Чтобы осудить Никона, опять же необходимо было мнение восточных патриархов, архиепископов и епископов, и в как можно большем числе. 2 ноября 1666 года в Москву прибыли Макарий Антиохийский и Паисий Александрийский…
Но вот ведь что интересно: Константинопольский патриарх Парфений, преемник Паисия, вообще запретил патриархам Макарию Антиохийскому и Паисию Александрийскому вмешиваться в русские дела. Когда же патриархи самовольно поехали на Русь, Парфений собрал собор восточных архиереев, который лишил их патриарших престолов. Так что судили Никона фактически никакие не иерархи, а частные лица.
Для Никона важно было не мнение восточных иерархов (он уже и так владел истиной в последней инстанции). Ему важна была опора на авторитет. Мнением он пренебрег, про поддержку авторитета солгал.

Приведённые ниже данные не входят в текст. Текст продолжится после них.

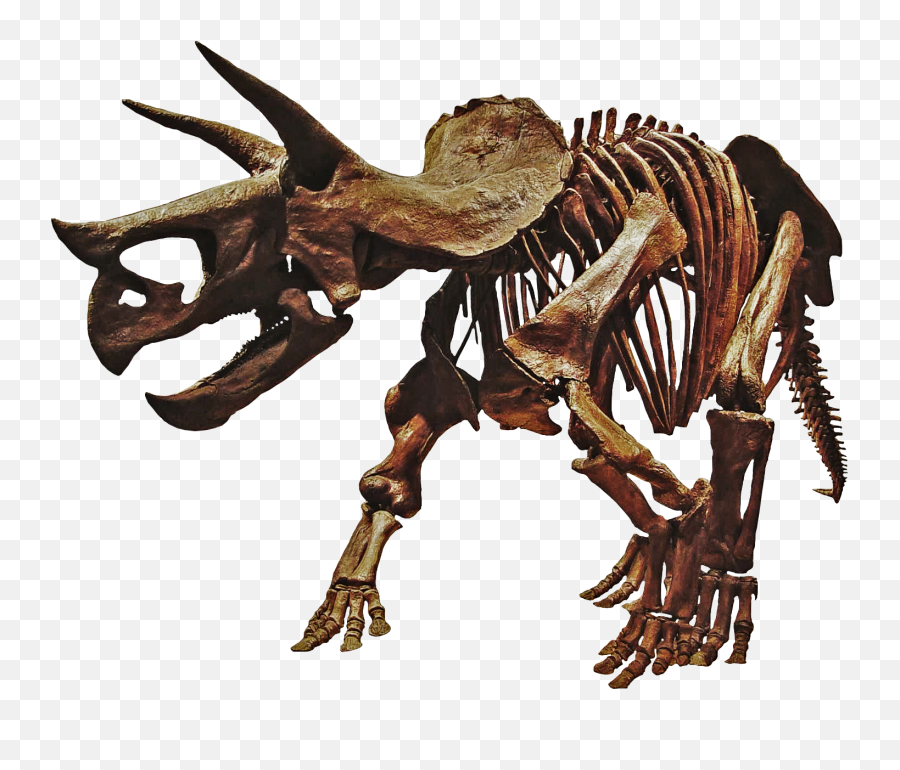 Triceratops Dinosaur Skeleton Png - Transparent Dino Bones Png,Triceratops Png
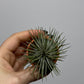 Air plant Tillandsia Air plant 2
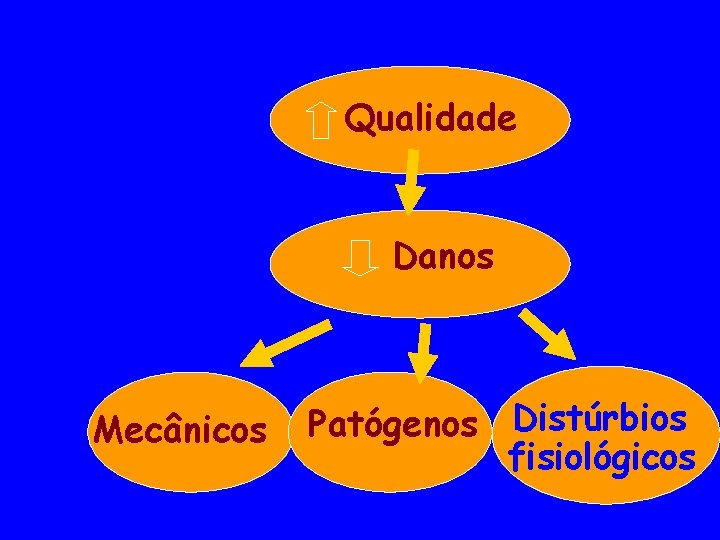 Qualidade Danos Mecânicos Patógenos Distúrbios fisiológicos 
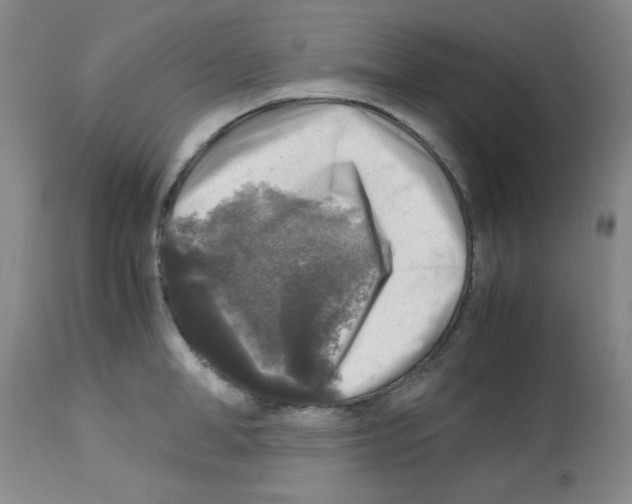 X0000113220998200910221121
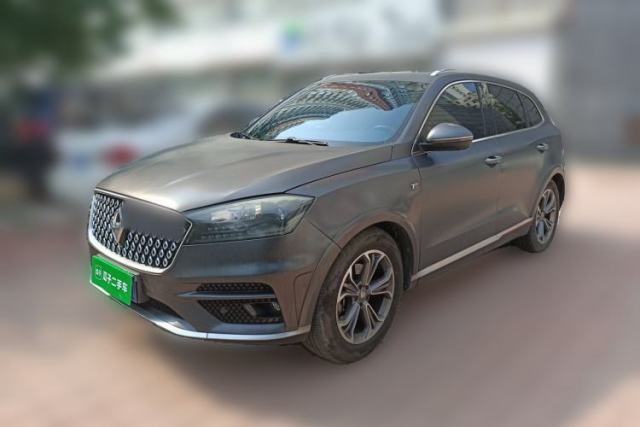 Used BORGWARD BX7 2018 2.0T TS Four-Wheel Drive Luxury Version China V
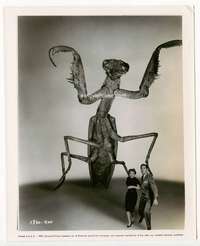 h729 DEADLY MANTIS 8x10 movie still '57 great special effects image!
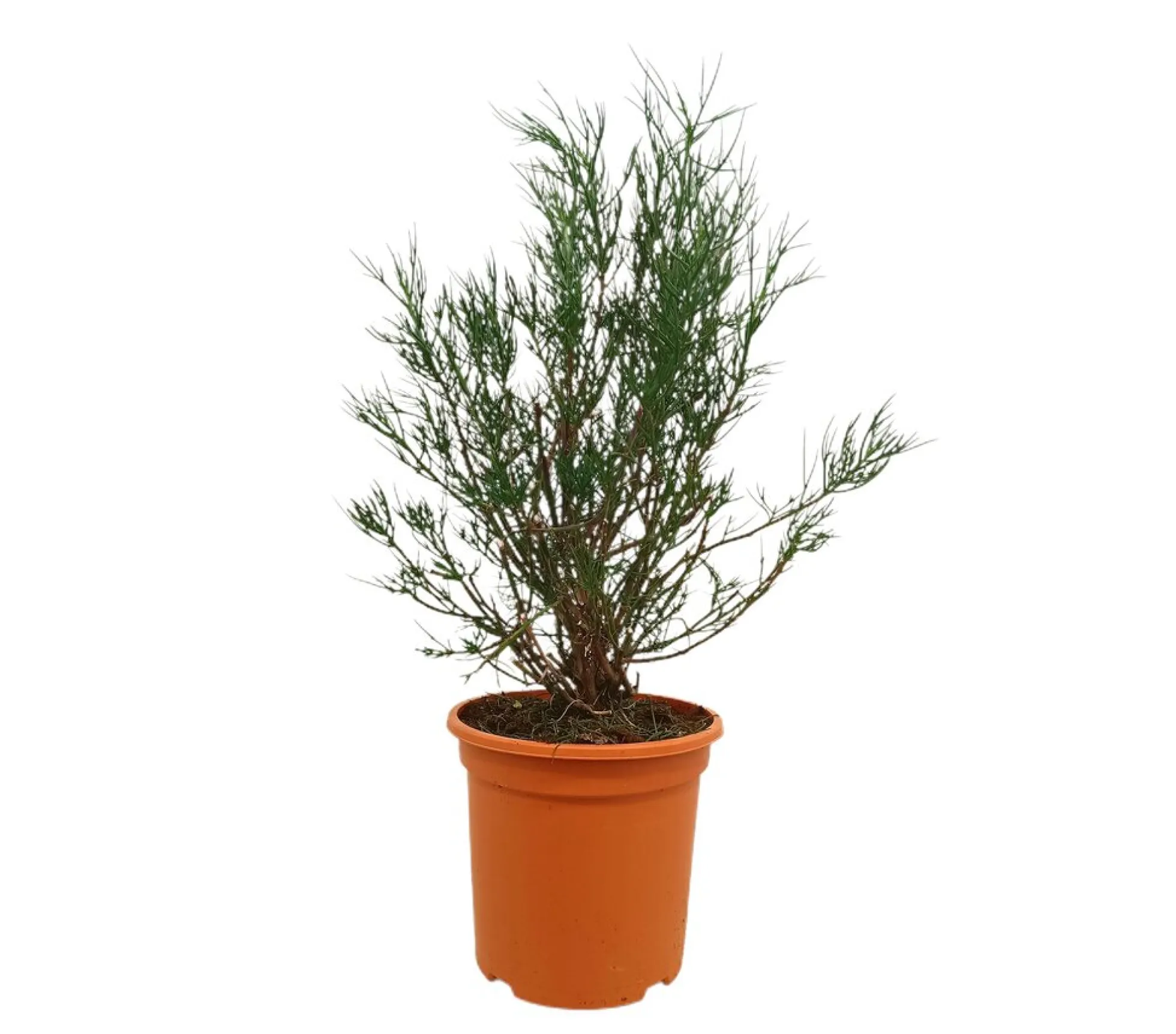 Alyogyne Hakeifolia M24 80cm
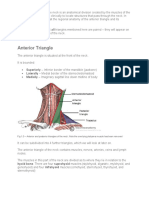 The Anterior and Posterior Triangles of The Neck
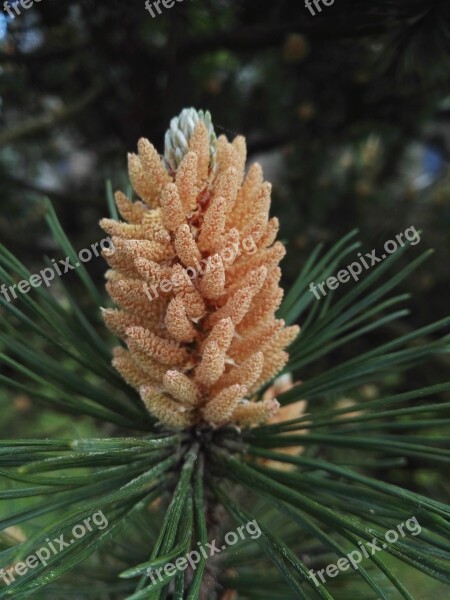 Fir Tree Summer Tree Pine Cones Tannenzweig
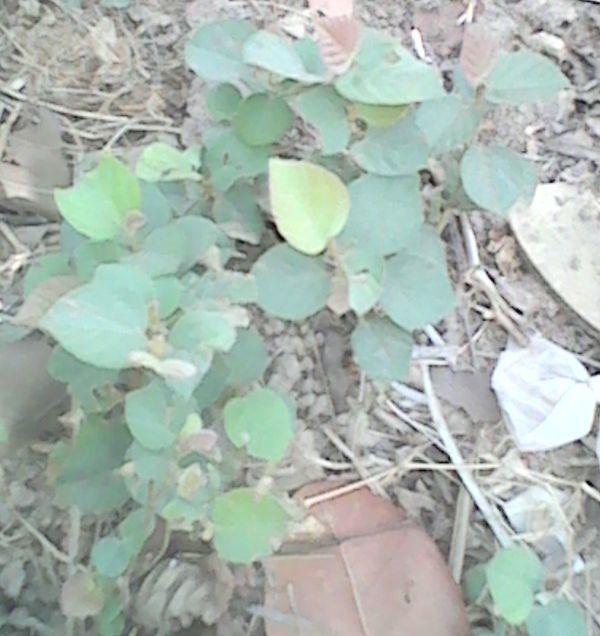Flemingia faginea leaf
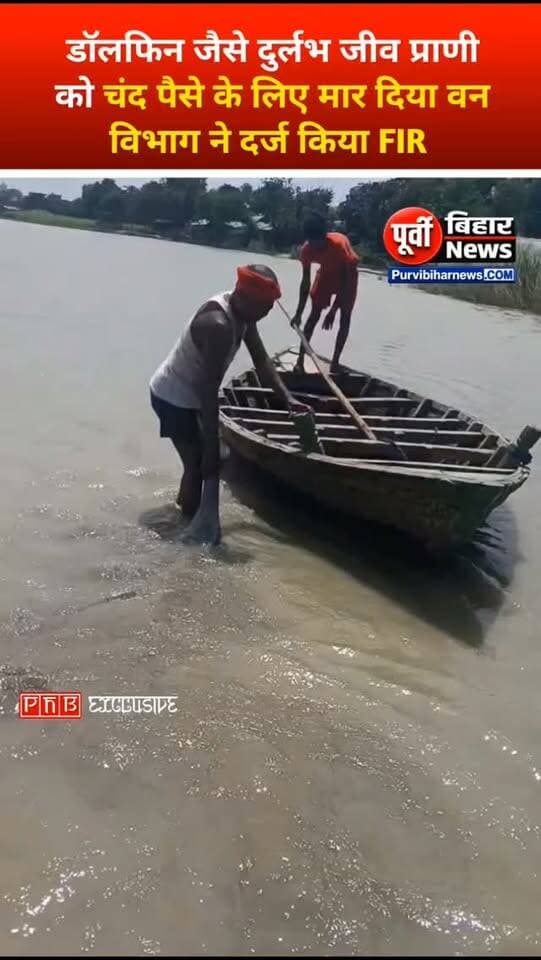 सहरसा में चंद पैसों के लिए डॉल्फिन के बच्चे को मार डालें वन विभाग ने दर्ज किया FIR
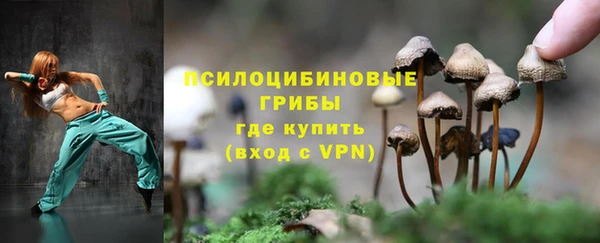 бутират Костерёво
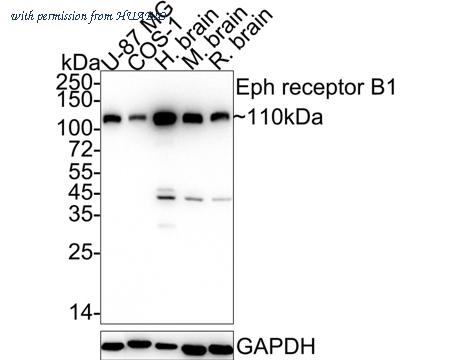 HUABIO HA722345 image 1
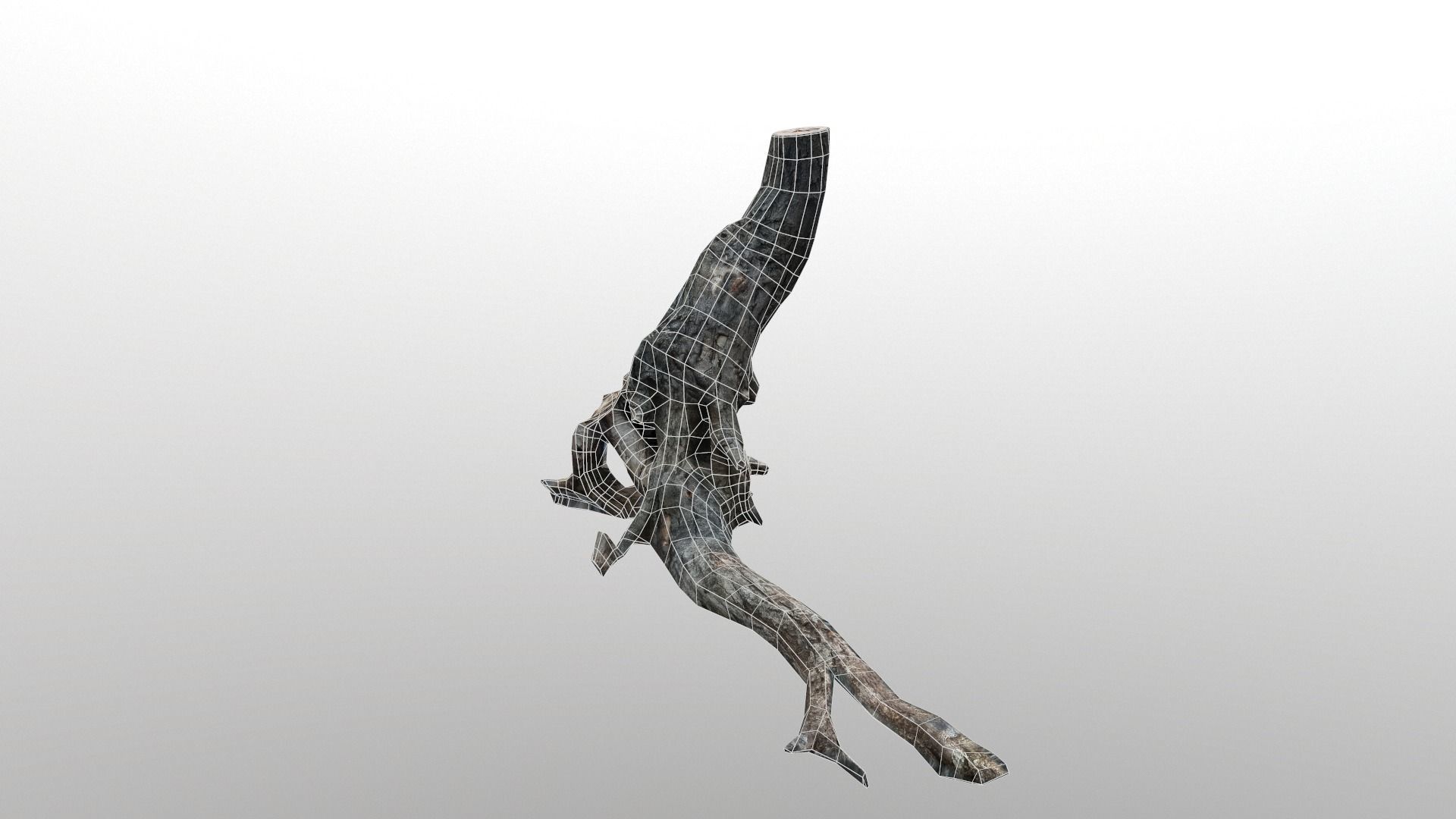 Low poly Tree Low-poly 3D model_8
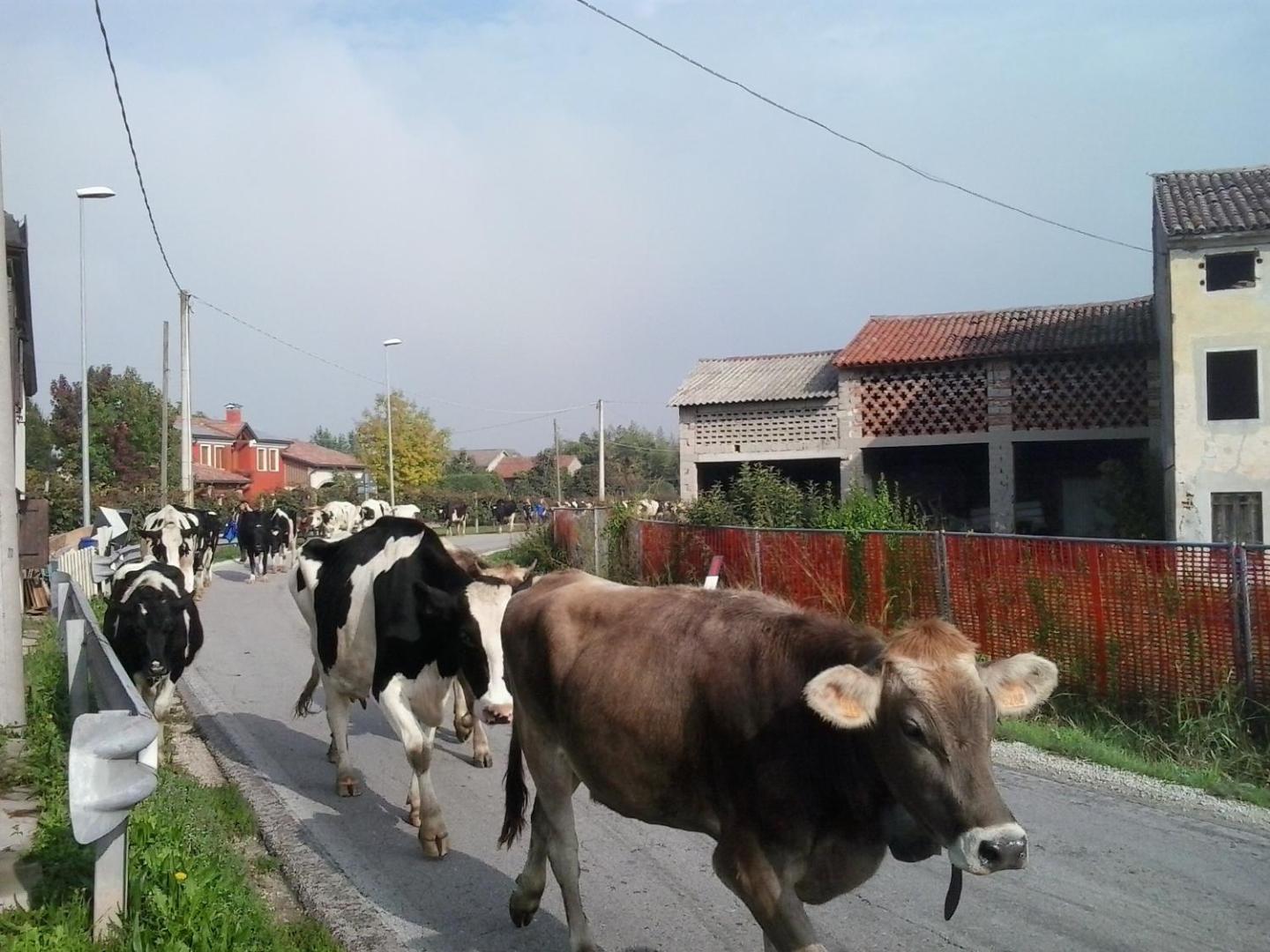 La Prateria Agriturismo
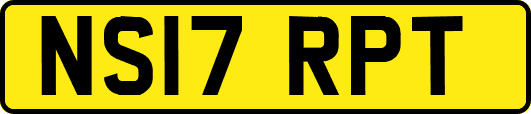 NS17RPT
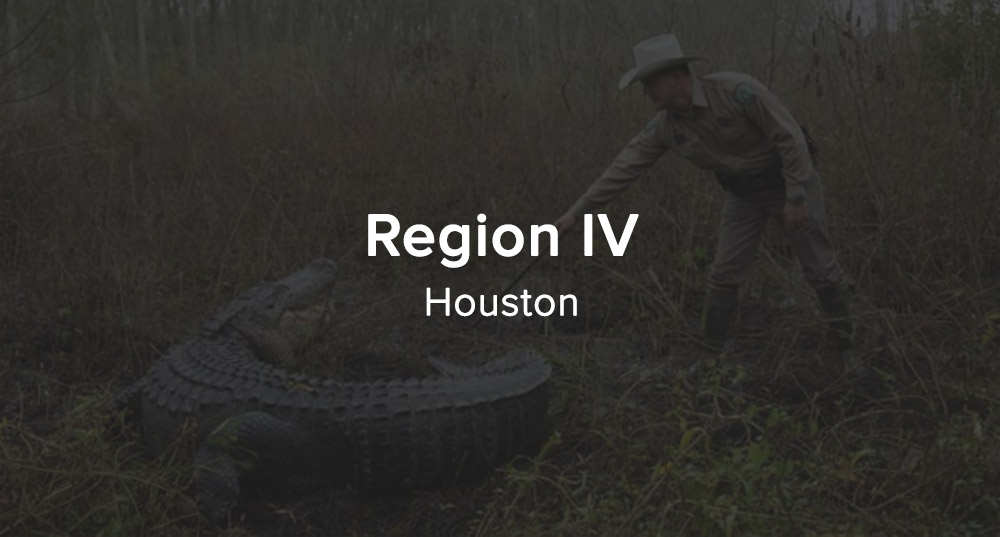 Region 4 - Houston Button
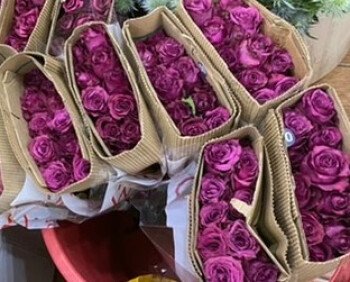 ورد البيلسان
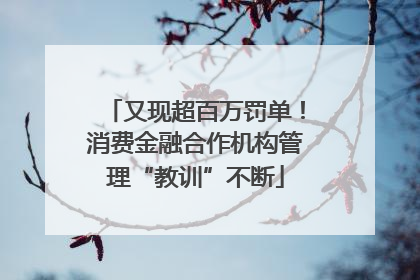 又现超百万罚单！消费金融合作机构管理“教训”不断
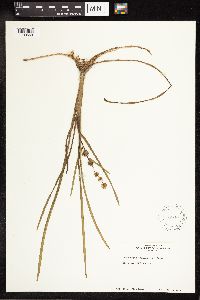 Sparganium emersum image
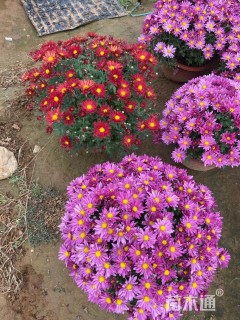 高度30厘米野菊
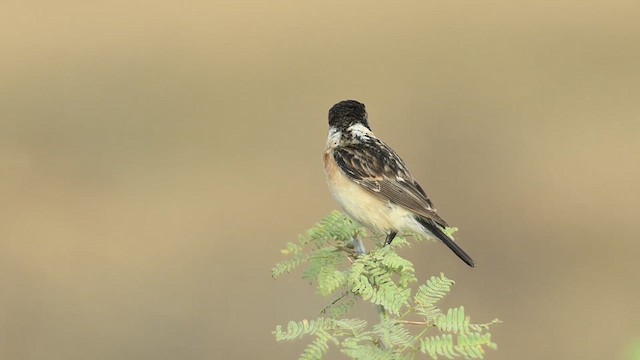 Tarier de Sibérie - ML637698888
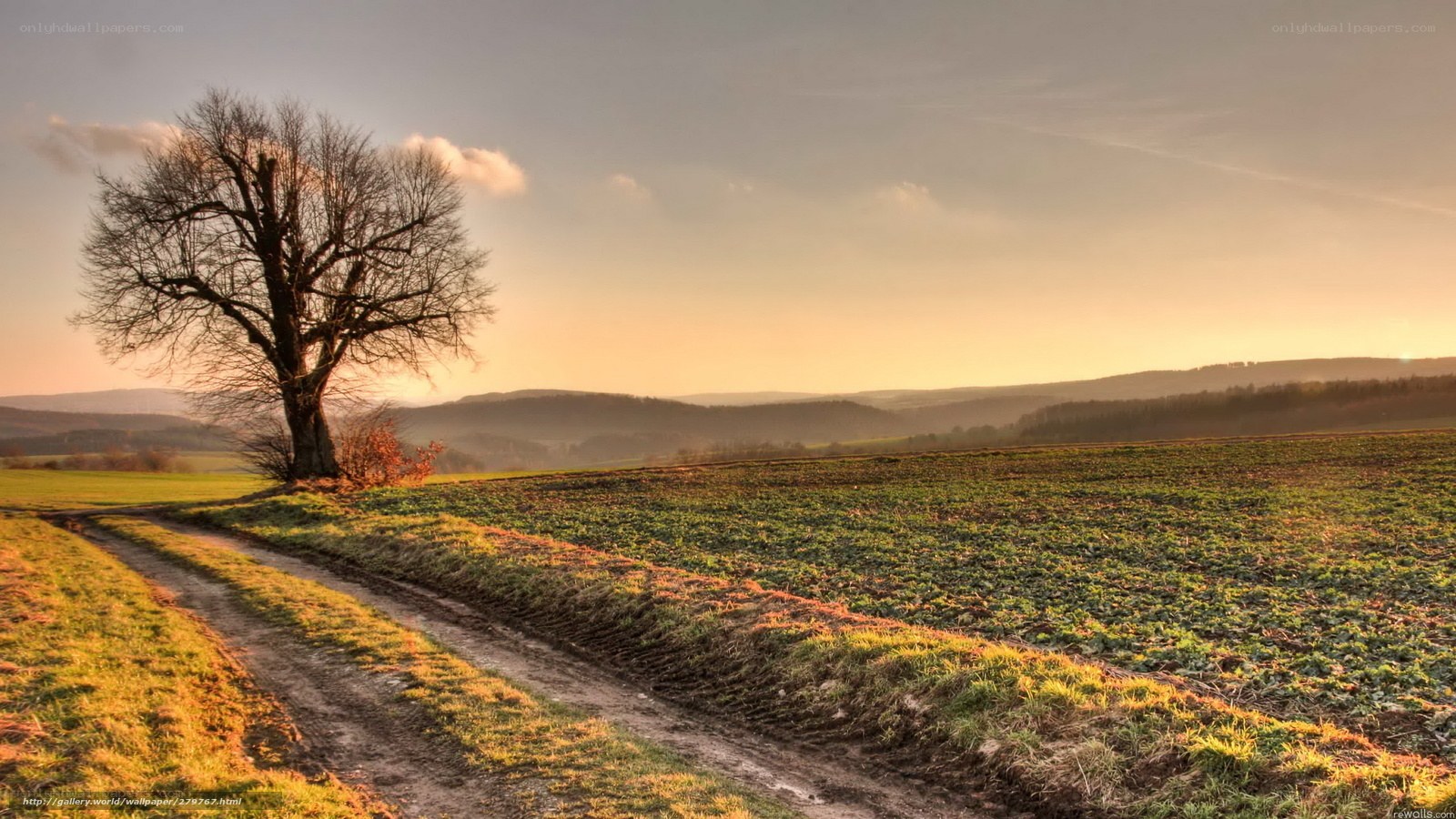 Solitary tree at sunset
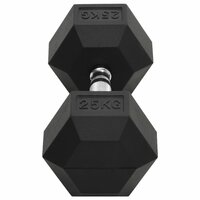 Halters 25 kg gietijzer 4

И для судящих его важны оказались не каноническое право и не закон, а желания царя. Царь хотел осуждения Никона и получил его, оперевшись на мнения подложных патриархов. Мнением же официальных иерархов православия «благополучно» пренебрег.
Фактически же судьями в русском церковном споре окажутся вовсе не те греки, которые олицетворяли восточное православие, а самые настоящие авантюристы.
Например, Паисий Лигарид — выпускник Римской коллегии св. Афанасия, рукоположен в священнический сан униатским митрополитом Рафаилом Корсаком.
Как платный миссионер униатства, послан был в Константинополь, потом в Валахию. Паисий Иерусалимский, от которого Лигарид скрыл свою биографию, рукоположил его в митрополиты Газские. Но в Газу тот отнюдь не поехал; зачем ему Газа, где и голову недолго потерять? Лигарид сидел в Валахии, слал бравые реляции в Рим и получал жалованье за то, чего и не думал делать.
Попав в Москву, Паисий Лигарид был именно тем человеком, который советовал на Великий собор 1666–1667 годов позвать восточных патриархов и был с ними «неотлучно», переводил и т. д.
К тому времени в Палестине афериста давно разоблачили, и новый иерусалимский патриарх Нектарий не успел узнать, где находится Лигарид и чем занимается, как тут же написал Алексею Михайловичу. По словам Нектария, еще Паисий, узнав прошлое авантюриста, отлучил его и проклял.
«Даем подлинную ведомость, что он отнюдь ни митрополит, ни архиерей, ни учитель, ни владыка, ни пастырь и всякого архиерейского чину лишен», — недвусмысленно писал Нектарий.
Но даже такое письмо не отвратило царя от авантюриста. Лигарид рассказывал царю, что это его и царские враги, сторонники Никона, подучили Иерусалимского патриарха пакостить ему. Алексей Михайлович даже направил Паисию ответное письмо, в котором просил восстановить Лихуда, «великого учителя и переводчика нашего», в сане «митрополита Газского». В ход пошли такие веские аргументы, как соболя и рубли.